On April 30, 1862, shipbuilder Joseph Brown of Cincinnati, Ohio, signed a contract with the United States government to build Indianola for $128,000. The vessel was named for the city of Indianola, Iowa. On September 1, Brown reported that Indianola was nearing completion.

She was still under construction when several brigades under the command of Confederate Brigadier General Henry Heth came within six miles of Cincinnati on September 6 during the Confederate Army's Kentucky Campaign. At the time, Major General Edmund Kirby Smith's corps of the Army of Tennessee was encamped at Lexington, Kentucky. Heth was under orders not to attack the city, but to instead make a "demonstration".

In response to the threat to Cincinnati, Union Major General Lew Wallace, who was in command of the defenses, appropriated the incomplete vessel to expedite its construction from Brown on September 2 and launched it on September 4. Heth withdrew to Lexington on September 12.

Fourteen days later after Wallace seized the Indianola, Acting Master Edward Shaw was appointed to command the ship, which had been placed into commission by September 27. Although fully armed and prepared to defend Cincinnati by October 23, Indianola was still incomplete. She was returned to Brown once the threat posed by Heth passed. By December, the ship was ready for general service, but the level on the Ohio River was too low at that time for Indianola to make it across the Falls of the Ohio. On January 23, 1863, the ship joined the Mississippi Squadron, having arrived at Cairo, Illinois. It had cost a total of $182,662.56 to complete the ship.

Indianola was a casemate ironclad serving as a river gunboat. She was a side-wheel steamer propelled by two wheels and two screw propellers. The propellers required machinery that took up space that would have otherwise been used for crew quarters. Her length was 174 ft or 175 ft with a beam of 50 ft or 52 ft and a draft of 5 ft; she displaced 511 tons. Indianola had a speed of either 6 kn or 9 kn. The vessel was armed with four smoothbore Dahlgren guns: two 11 in pieces and two 9 in. These guns were poorly positioned to only fire effectively to the fore and aft and had a slow rate of fire. The 11-inch guns were forward on the vessel and were mounted on pivots, while the 9-inch guns fired through ports. She was protected by 3 in of iron plating serving as armor. Her complement was about 100 crew. Overall, the ship was similar to another Brown ship, USS Chillicothe, except for its propulsion system.

==Service history==
Indianola originally served on the Mississippi River and the Yazoo River. During the Vicksburg campaign, Union Navy Rear admiral David Dixon Porter ordered the naval ram USS Queen of the West down the Mississippi to intercept Confederate shipping on the stretch of the river between Vicksburg, Mississippi, and Port Hudson, Louisiana. Queen of the West travelled downriver past the Vicksburg guns on February 2, 1863, and operated there until February 5. The ram later made a second trip, and entered the Red River on February 14. Indianola was now under the command of Lieutenant Commander George Brown. The day before, Indianola left her moorings at the Yazoo at 22:15 with two barges loaded with coal strapped to her sides and steamed south under fire from the Vicksburg defenses. She was to join Queen of the West in her operations downstream. After passing the Confederate positions, Indianola anchored below Warrenton, Mississippi for the night and resumed the movement south. She had been chosen for the operation because her engines would allow her to make a speed of 2 kn upstream against the current, which was much faster than Porter's other ironclads, meaning that Indianola would better be able to escape upriver in case of an emergency.

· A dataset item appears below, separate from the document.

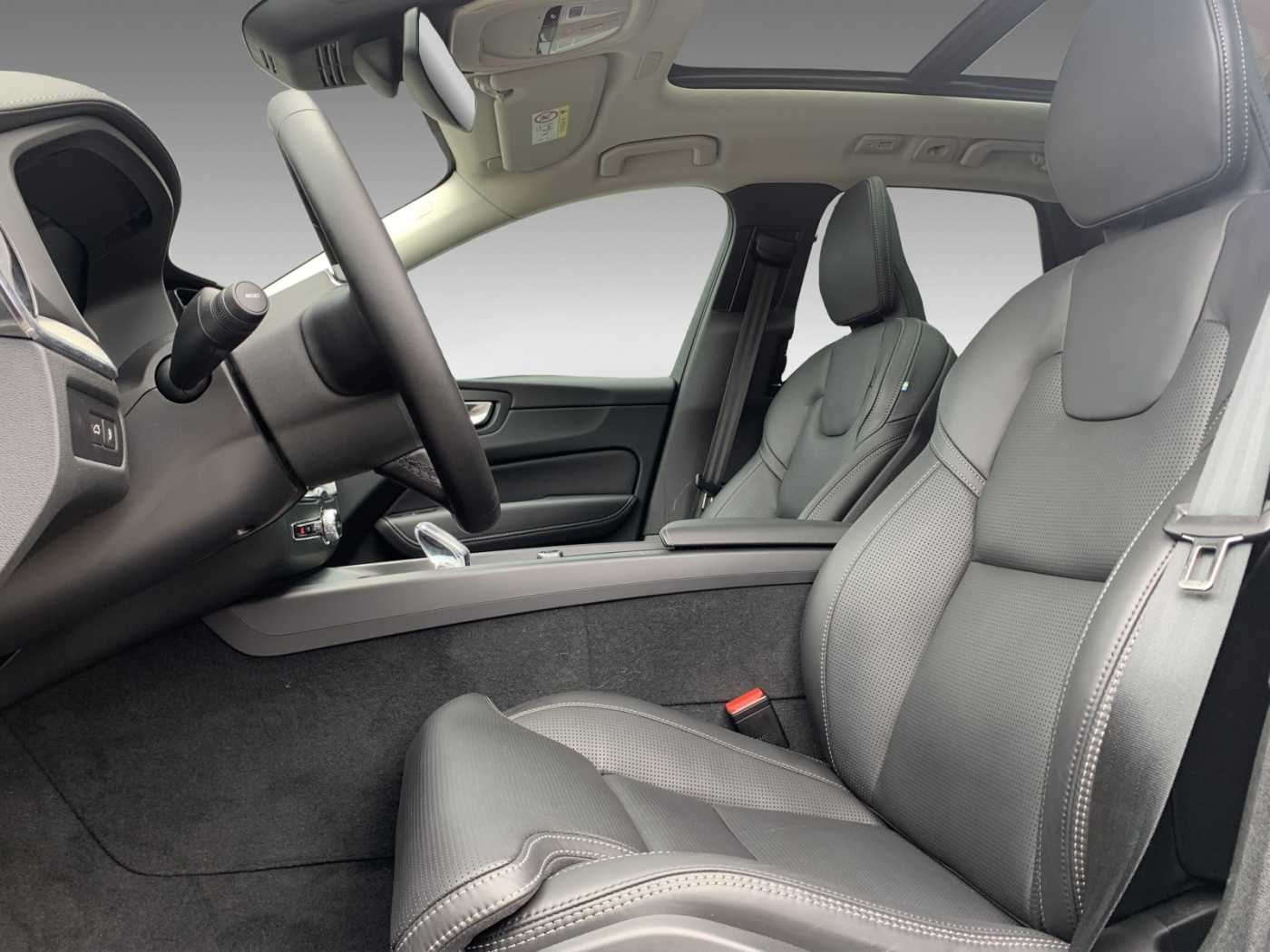 Volvo  T8 Ultra Dark AWD+BW+Massage+360°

However, Queen of the West was disabled in a fight with Confederate shore defenses along the Red, and had to be abandoned, with her escaping crew occupying the captured packet steamer Era No. 5. They were pursued by the Confederate ram CSS William H. Webb, but managed to reach the safety of Indianola on February 16. While Era No. 5 headed backed towards Union positions near Vicksburg, Indianola moved against William H. Webb and sighted her that afternoon near Ellis Cliffs, Mississippi. Indianola fired, but was out of range, while the Confederate vessel escaped around a bend of the river in fog. Indianola then held a blockade of the junction of the Red and the Mississippi, but withdrew on February 21 after learning that William H. Webb, the captured and repaired Queen of the West, and two steamers filled with Confederate soldiers were moving to attack her.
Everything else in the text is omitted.